EXERCISE INSTRUCTIONS: Working from the records beneath this line, reproduce each one exactly.

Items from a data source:
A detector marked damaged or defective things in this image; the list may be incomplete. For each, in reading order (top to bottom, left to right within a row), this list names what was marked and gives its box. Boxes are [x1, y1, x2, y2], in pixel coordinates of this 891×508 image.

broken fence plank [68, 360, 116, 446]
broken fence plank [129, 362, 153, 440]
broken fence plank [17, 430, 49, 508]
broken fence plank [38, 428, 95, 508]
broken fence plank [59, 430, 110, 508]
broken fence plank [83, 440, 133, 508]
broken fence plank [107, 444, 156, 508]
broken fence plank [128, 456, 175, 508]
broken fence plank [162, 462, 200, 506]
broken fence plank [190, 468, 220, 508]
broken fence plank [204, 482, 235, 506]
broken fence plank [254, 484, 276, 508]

EXPECTED ANSWER:
A detector marked damaged or defective things in this image; the list may be incomplete. For each, in reading order (top to bottom, left to right within a row), this list names what was marked and gives its box. Boxes are [x1, y1, x2, y2], in pixel coordinates of this 891×508 image.

broken fence plank [68, 360, 116, 446]
broken fence plank [129, 362, 153, 440]
broken fence plank [17, 430, 49, 508]
broken fence plank [38, 428, 95, 508]
broken fence plank [59, 430, 110, 508]
broken fence plank [83, 440, 133, 508]
broken fence plank [107, 444, 156, 508]
broken fence plank [128, 456, 175, 508]
broken fence plank [162, 462, 200, 506]
broken fence plank [190, 468, 220, 508]
broken fence plank [204, 482, 235, 506]
broken fence plank [254, 484, 276, 508]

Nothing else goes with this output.